COMMENTARY

It’s Complicated: Navigating Targeted Therapies for Lung Cancer

Mark G. Kris, MD

DISCLOSURES

This transcript has been edited for clarity. 

Hello, this is Mark Kris, from Memorial Sloan Kettering, speaking to you today about my experience at a recent meeting of thoracic medical oncologists during the IASLC 2025 Targeted Therapies of Lung Cancer Meeting in Huntington Beach, California. 

If I could set a theme for that meeting, it would be: It's complicated. The speakers [reiterated] that, with so many more choices and targets, choosing the best therapy for a patient is becoming much more difficult.

However, because we have more ways of fighting these cancers, we have a better chance of helping patients. I think you've heard me say before, “Better for patients, tougher for oncologists.” That's okay. That's what we signed up for. 

I'd like to talk about the different stages of lung cancer and start with metastatic cancer. What is the initial treatment? As the meeting went on, it became tough to make any generalizations there. I'd like to make a couple, and we'll see if you agree, but I think this is a reasonable way to move forward. 

For targets with a high likelihood of benefit and excellent tolerability — such as EGFR, ALK, ROS1, RET, and NTRK — when you find them in the face of metastatic lung cancer, I think there's general agreement that you would start with a targeted therapy. Response rates for all these [are] in excess of 75%, and tolerability is decent. 

The issue comes, however, for the duration of therapy. I think the sad conclusion from all these drugs is that, no matter how good they are, absolutely none are curative. What do we do?
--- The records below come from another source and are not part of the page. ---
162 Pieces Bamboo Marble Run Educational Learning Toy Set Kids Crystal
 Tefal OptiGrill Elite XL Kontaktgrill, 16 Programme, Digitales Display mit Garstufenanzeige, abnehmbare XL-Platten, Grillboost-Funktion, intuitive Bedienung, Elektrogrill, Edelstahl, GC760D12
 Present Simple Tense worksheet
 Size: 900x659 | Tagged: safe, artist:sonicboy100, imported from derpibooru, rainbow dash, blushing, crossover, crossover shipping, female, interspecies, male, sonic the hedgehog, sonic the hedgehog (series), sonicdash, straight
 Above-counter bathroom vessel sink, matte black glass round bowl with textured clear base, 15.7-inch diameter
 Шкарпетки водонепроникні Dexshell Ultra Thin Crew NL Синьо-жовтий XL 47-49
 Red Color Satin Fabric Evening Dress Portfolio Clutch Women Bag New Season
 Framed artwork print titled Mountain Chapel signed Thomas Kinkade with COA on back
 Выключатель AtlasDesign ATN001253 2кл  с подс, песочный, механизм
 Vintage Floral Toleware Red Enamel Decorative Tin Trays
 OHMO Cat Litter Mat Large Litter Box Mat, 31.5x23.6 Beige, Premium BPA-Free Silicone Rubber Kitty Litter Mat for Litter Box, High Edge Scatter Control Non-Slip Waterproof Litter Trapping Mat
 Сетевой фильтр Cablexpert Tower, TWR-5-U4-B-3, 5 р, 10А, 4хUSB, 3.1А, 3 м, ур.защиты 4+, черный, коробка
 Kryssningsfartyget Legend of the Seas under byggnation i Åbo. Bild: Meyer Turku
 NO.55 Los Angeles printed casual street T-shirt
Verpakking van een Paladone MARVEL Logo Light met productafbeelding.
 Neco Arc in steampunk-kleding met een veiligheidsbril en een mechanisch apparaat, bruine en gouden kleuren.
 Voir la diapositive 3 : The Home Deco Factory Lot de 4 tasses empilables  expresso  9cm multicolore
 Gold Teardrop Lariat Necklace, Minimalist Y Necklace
What can we add? 

We don't have much here, but one piece of data we do have comes with EGFR. If you add a standard chemotherapy, and we have randomized clinical trial data for this, you can improve the duration of response and the progression-free survival.

Many folks have said that this may not be the most appropriate endpoint, but I really would like to challenge that, and I'd like to do so on several levels. The first is that the recurrence of the cancer is absolutely devastating to the person with the cancer. People have so many negative thoughts at the diagnosis, and then after receiving agents like osimertinib or lorlatinib that give a great response and are very tolerable, you're taken off that very negative feeling.

When it comes back, though, all those negative feelings return. Every recurrence and progression is absolutely devastating to a patient. It reinforces in a very strong way that they have a deadly cancer. Preventing recurrence and delaying recurrence is very important.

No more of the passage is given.